Combining archive recordings, snippets of music from the station's collection of old-time music, plus interviews with local people of different generations, Obituary Notice portrayed the lives of a close-knit rural community which was once united by specific industries - tobacco, furniture and mining granite. Jobs were plentiful, and migration was scarce. Families used to be happy living an untroubled way of life; some older citizens recalled how they sat outside at night on the verandah, exchanging the time of day with their neighbours, or simply drinking in the calm atmosphere.
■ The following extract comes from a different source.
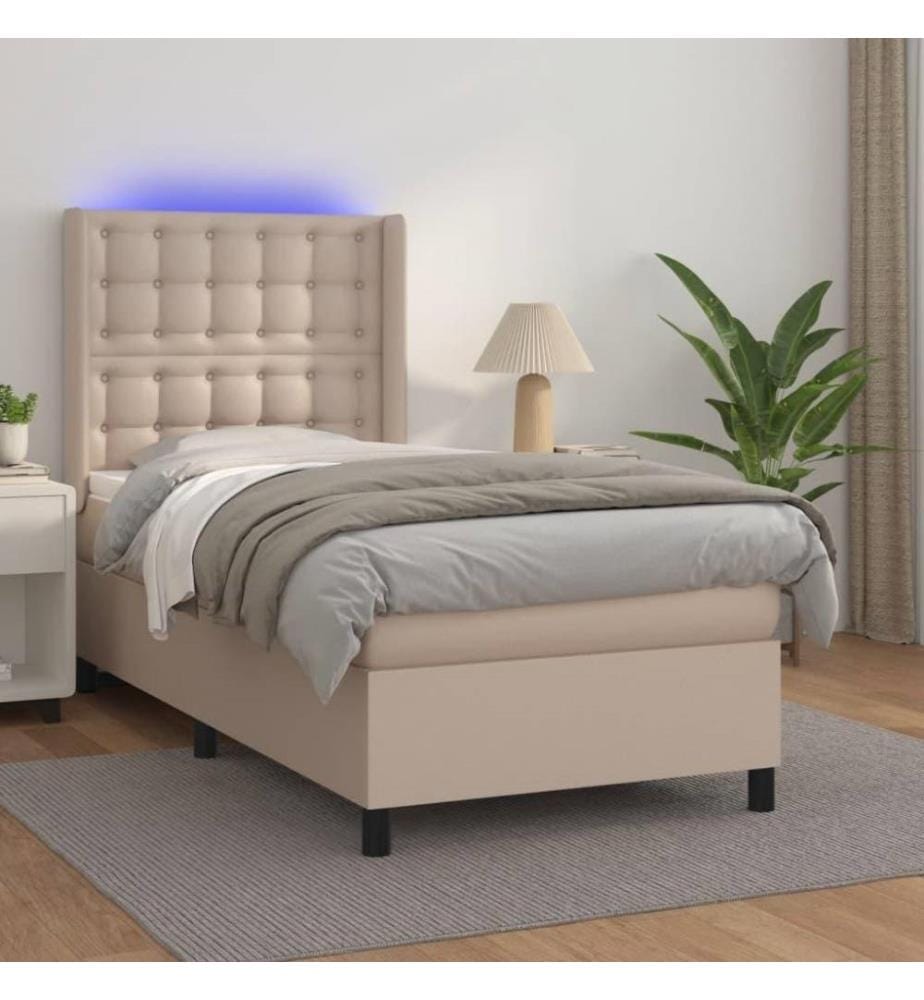 Boxspringbett mit Matratze & LED Cappuccino-Braun 90x190cm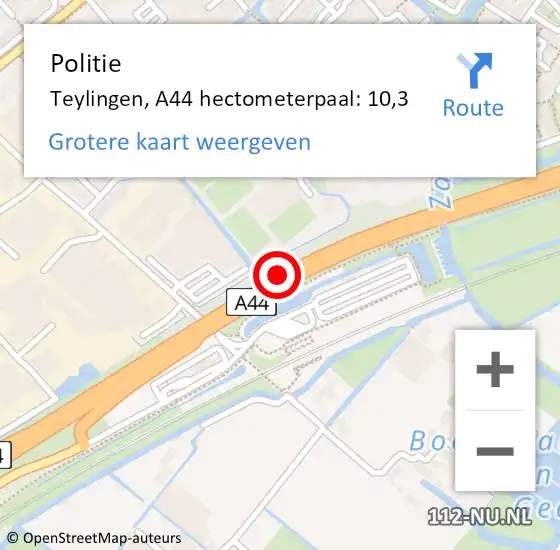 Locatie op kaart van de 112 melding: Politie Teylingen, A44 hectometerpaal: 10,3 op 25 mei 2023 08:10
Now things have radically changed: local industries have collapsed, and younger citizens are leaving the town permanently in search of work, leaving the elderly residents to fend for themselves. Meanwell suggested that the obituaries on the radio are not just for individuals, but for an entire rural way of life that is fast disappearing. New technologies have transformed the citizens' way of life; they largely keep themselves to themselves, while the town itself struggles to adapt to a non-industrial, service industry-based economy. None of the interviewees quite knew what would happen next; they could only hope for future happiness, while continuing to rely on institutions such as the radio station - a symbol of what they had lost.
The narrative itself comprised a panoply of sounds: with no narrator to guide us, we were left to make up our own minds as to what the future might bring for the good people of Mt. Airy. While the radio station continued to broadcasr the same kind of material that it had done for the past six decades, it seemed to be the only symbol of permanence left in a fast-changing world.